[Short descriptive text snippets]
[Start of section]

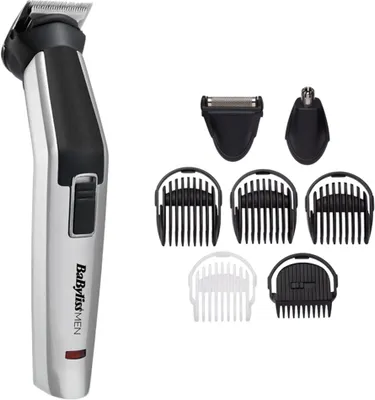 Produktbild von BaByliss MEN 8 in 1 Titanium Mehrzweck Trimmer Haarschnitt Schönheit Rasurglätter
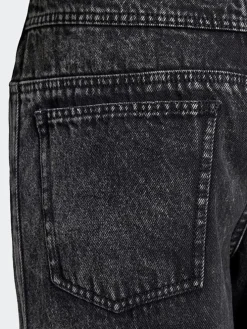 Women adidas Originals Pants & Sweats-Premium Essentials Wide Leg Denim Jeans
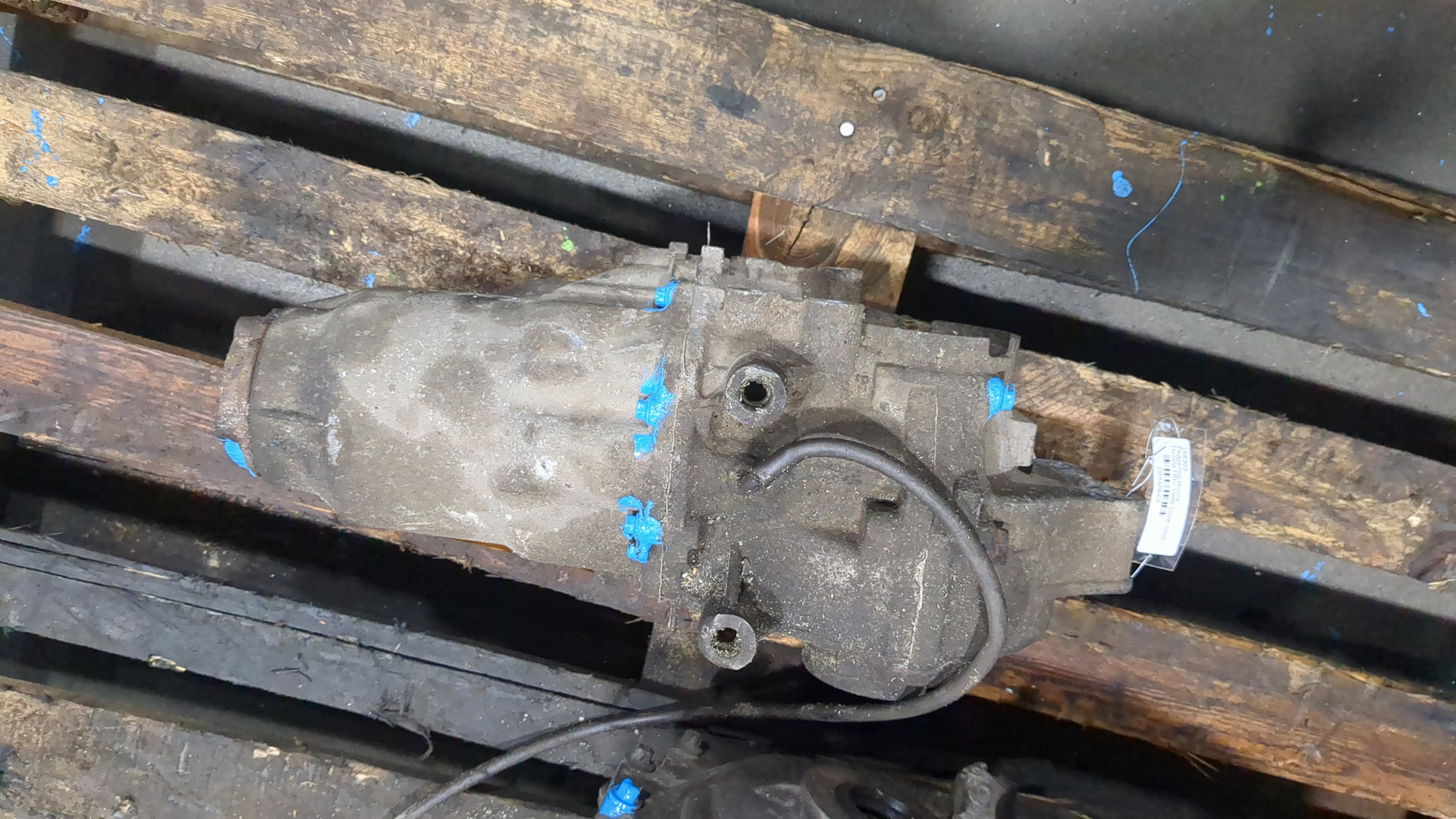 Редуктор заднего моста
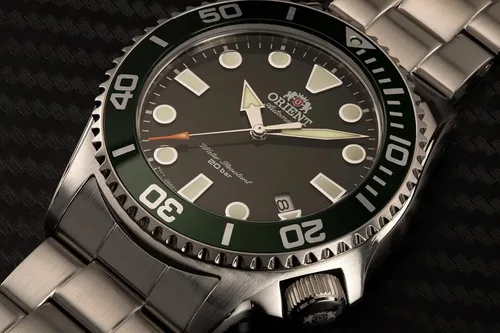 Miniatura 5 de Orient Reloj automático RA-AC0K02E10B, Metálico, Pulsera
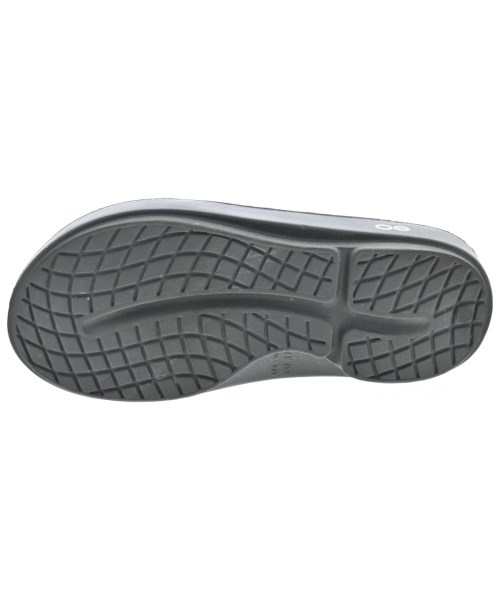 OOFOS（ウーフォス）サンダル 黒 サイズ:US6(23cm位) レディース/2200610876844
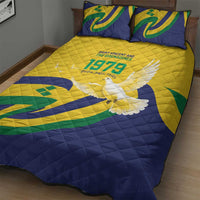 Saint Vincent and the Grenadines Quilt Bed Set Gratitude to the Land Pride Since 1979 - Wonder Print Shop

[End of section]

THE PROBLEM:
What you give back must match the entries exactly, apart from the omitted pictures.

SOLUTION TO THIS EXERCISE:
 Produktbild von BaByliss MEN 8 in 1 Titanium Mehrzweck Trimmer Haarschnitt Schönheit Rasurglätter
 Women adidas Originals Pants & Sweats-Premium Essentials Wide Leg Denim Jeans
 Редуктор заднего моста
 Miniatura 5 de Orient Reloj automático RA-AC0K02E10B, Metálico, Pulsera
 OOFOS（ウーフォス）サンダル 黒 サイズ:US6(23cm位) レディース/2200610876844
 Saint Vincent and the Grenadines Quilt Bed Set Gratitude to the Land Pride Since 1979 - Wonder Print Shop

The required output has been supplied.